The Darkside Detective: A Fumble in the Dark is the sequel to The Darkside Detective, a point-and-click adventure game. It is divided into cases, as was its predecessor. The case-based adventure game has become a subgenre of sorts, though I am not aware of its origins. (Oniria Crimes (diehealthy.org: “Review of Oniria Crimes) and Nobodies spring to mind. The latter is a different spin on point-and-click, in that the goal is to quietly dispose of corpses.)

Whatever the cause of the trend, it is a reasonable way to break up development and still create a cohesive game, as shown by The Darkside Detective and this sequel. Like the previous game (and like the others mentioned) there is usually some connection between cases, which makes each case feel like an episode rather than an isolated story to itself.

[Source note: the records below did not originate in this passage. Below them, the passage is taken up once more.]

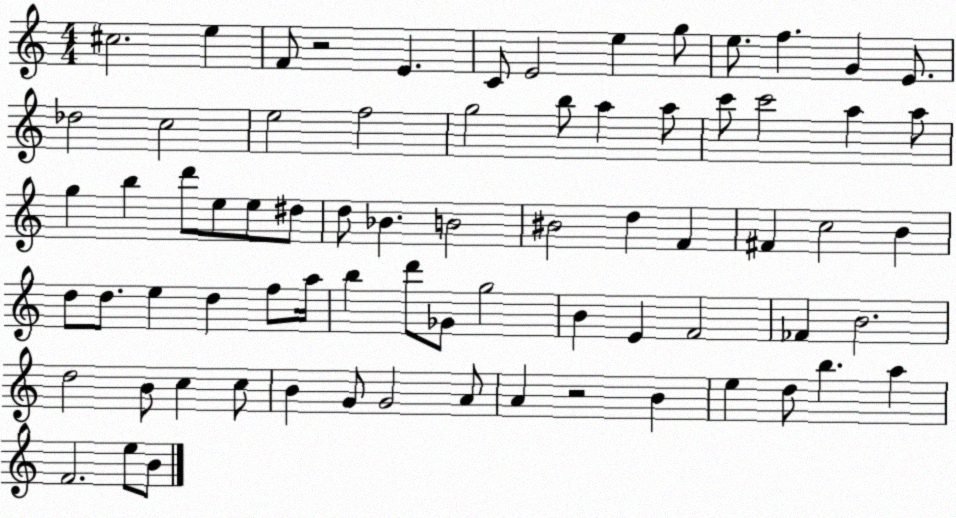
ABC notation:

X:1
T:Untitled
M:4/4
L:1/4
K:C
^c2 e F/2 z2 E C/2 E2 e g/2 e/2 f G E/2 _d2 c2 e2 f2 g2 b/2 a a/2 c'/2 c'2 a a/2 g b d'/2 e/2 e/2 ^d/2 d/2 _B B2 ^B2 d F ^F c2 B d/2 d/2 e d f/2 a/4 b d'/2 _G/2 g2 B E F2 _F B2 d2 B/2 c c/2 B G/2 G2 A/2 A z2 B e d/2 b a F2 e/2 B/2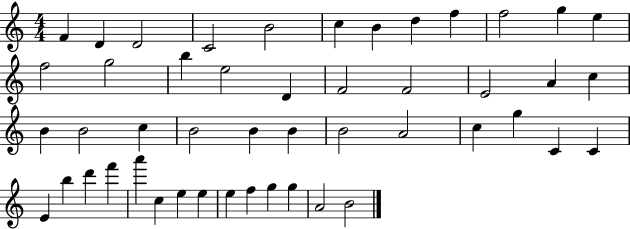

Here you play as Detective Francis McQueen, now-formerly of the Darkside Division of the Twin Lakes Police Department. The darkside isn’t a reference to the yin-aspect of the Star Wars force, but to an alternate dimension or parallel universe where things are kind of screwy (in a different way than they’re normally screwy). The darkside itself doesn’t feature as heavily or directly in this game as in the first one.

Each case follows the same basic shape that detective stories have since Sherlock Holmes first solved a case. There’s the exposition, in which we find out the nature of the case. There’s the rising action when we uncover clues as to who’s responsible or, in the case of point-and-clicks, we cobble together inventory items into solutions to puzzles. And finally, there’s the denouement, when we pull the disguise off of someone and they complain about us and our dog foiling their scheme.

Case locations include an older-peoples’ home (the grandmother of your sidekick, Dooley, lives there), Ireland (not the whole island, but a castle there, the ancestral home of your sidekick), a carnival, a pro-wrestling event, and your highschool reunion. There are also two bonus cases (with a third planned, according to the case selection screen). The first bonus is a nice time-travel case for Christmas (loosely after Charles Dickens’ A Christmas Carol), and the other is occasioned by your sidekick’s nephew being missing.

The writing has good humor to it, including some absurdity which I always enjoy. It does tend toward memery in places, but it’s not terribly online. The writing is British English, which is kind of strange at times given the game takes place in America. But it’s not really America is it? It’s a fictional America where British gamemakers have replaced America with a British imagining of an America—bizarro America—where supernatural things happen. In any case, the puzzles tend to the easy side, and are mostly logical.

It took me about 14 hours to complete eight cases and all the achievements. If you want an easy-ish, pixel-graphics adventure game, particularly one with light elements of supernatural themes, give it a look.